All of the popular AI chatbots — ChatGPT, Claude, Gemini, and Copilot — are great for developing user interview scripts, so you can easily leverage whatever your team is already using to accomplish this.
Synthesizing User Interview Feedback
Synthesizing user interview feedback has historically been one of the most time-consuming parts of the customer discovery process. You conduct 10 customer interviews and then someone has to listen to each one, summarize the key themes, and most importantly, find the patterns across all 10 of them. That’s hours if not days of work. This is exactly why product management has become the bottleneck, because the engineers can have Claude Code build the app, but we still have to deal with this human interaction element.
What I’ve now found is that AI tools are getting really good at taking long-form interviews and synthesizing cohesive themes from them. My two favorite approaches right now for doing so are using NotebookLM and Claude Code.
NotebookLM is interesting because you can literally hand it video files or audio recordings and it will transcribe them and let you start asking natural language questions against the transcripts. I give it a structured prompt: summarize each interview including why the company is interested in our tool, what pain points they’re currently experiencing, what other tools they’ve tried, what they like about our tool, and what concerns they have. For each question, I ask it to include a direct verbatim quote that captures the essence of their feedback. It faithfully does this for every interview.

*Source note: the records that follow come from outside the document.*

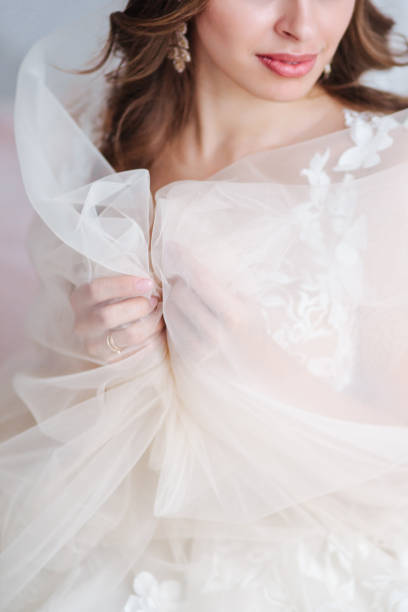 istock Vertical shot with bride's hands in focus. Wedding concepts, details, ideas and themes, bride morning 1129633968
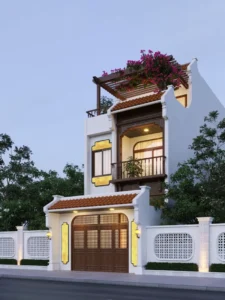 Cổng gỗ dáng vòm cổ điển có mái lợp ngói âm dương, kết hợp tường bao sơn trắng và ô cửa gạch bông gió phong cách Đông Dương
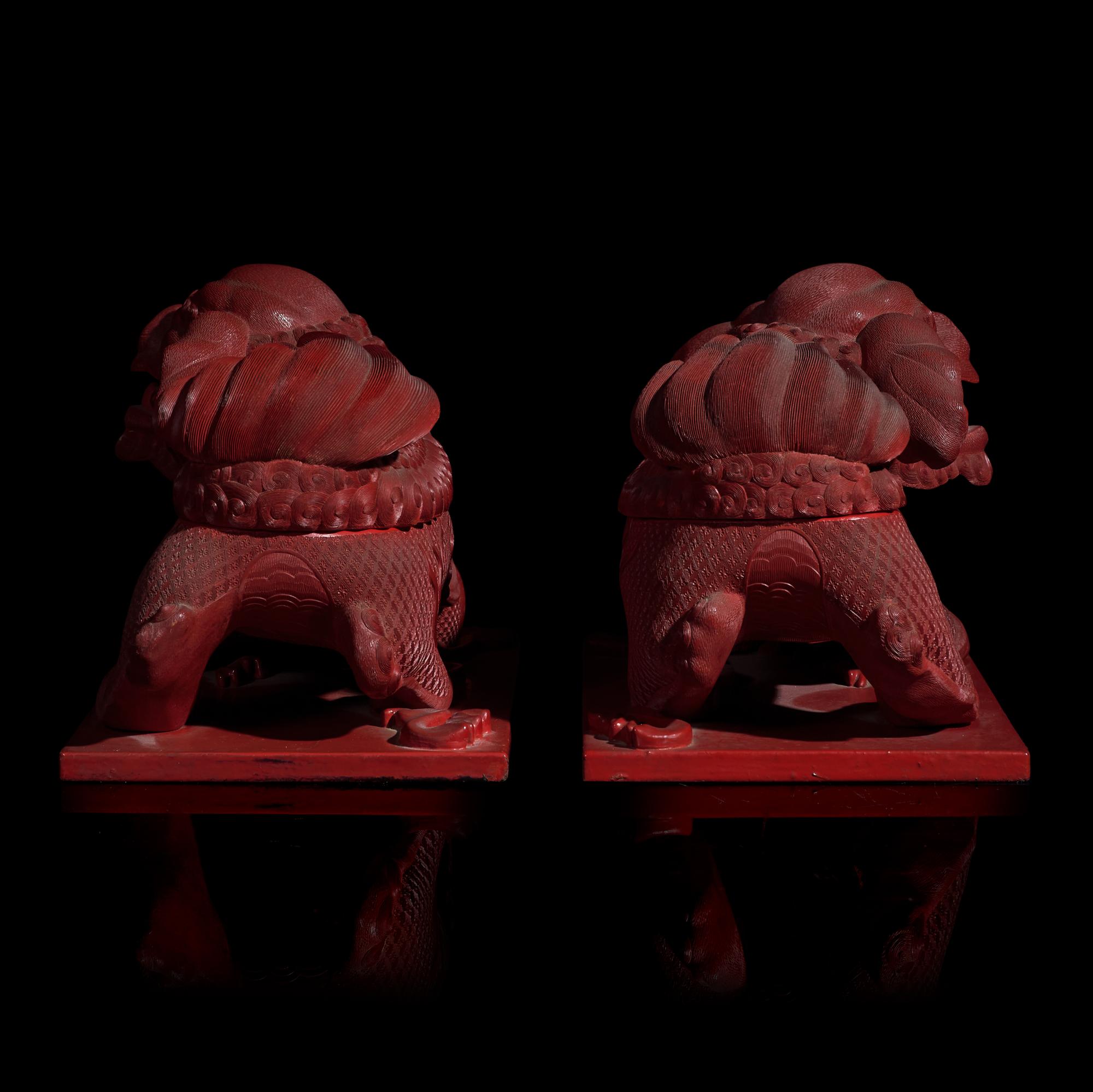 A Pair of Chinese Cinnabar Lacquer 'Lions' Boxes, 20th Century 剔紅佛獅形蓋盒一對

With Claude Code, I’ve taken this even further by building an automated skill that takes my folder of interview video files, transcribes them using OpenAI Whisper, summarizes each interview against a structured template, and then finds patterns across all of them. The output includes individual interview summaries with key takeaways, pain points, feature requests, and direct quotes, as well as an executive summary showing the themes that emerged across all interviews, including how many times each theme was mentioned.
I highlighted both of these approaches because you can easily get started with NotebookLM today for free and have your first set of insights in 15 minutes. Whereas the Claude Code approach gives you the benefit of full workflow automation, but does take more setup time to build the required skill and requires a Claude Pro subscription.

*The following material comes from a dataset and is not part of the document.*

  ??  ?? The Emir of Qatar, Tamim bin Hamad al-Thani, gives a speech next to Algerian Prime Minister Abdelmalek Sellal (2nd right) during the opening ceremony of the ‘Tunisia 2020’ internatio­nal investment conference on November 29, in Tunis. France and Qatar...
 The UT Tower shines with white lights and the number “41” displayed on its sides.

This is real workflow leverage at work. Anytime we get another batch of interviews, I rerun my agent and get the synthesized insights without spending hours doing the manual work.
Now the most common question I get about using this approach is if AI can now automate every aspect of running customer interviews, how do I make sure I'm still building my product intuition?
This is an important question and really gets at the nuance of how I use these AI tools. Historically we have spent an inordinate amount of our time conducting customer research - developing interview scripts, recruiting, scheduling interviews, conducting the interviews themselves, reading the feedback, and synthesizing them into themes. All of this was in service of the ultimate goal - garnering deep customer insights that could significantly improve our products.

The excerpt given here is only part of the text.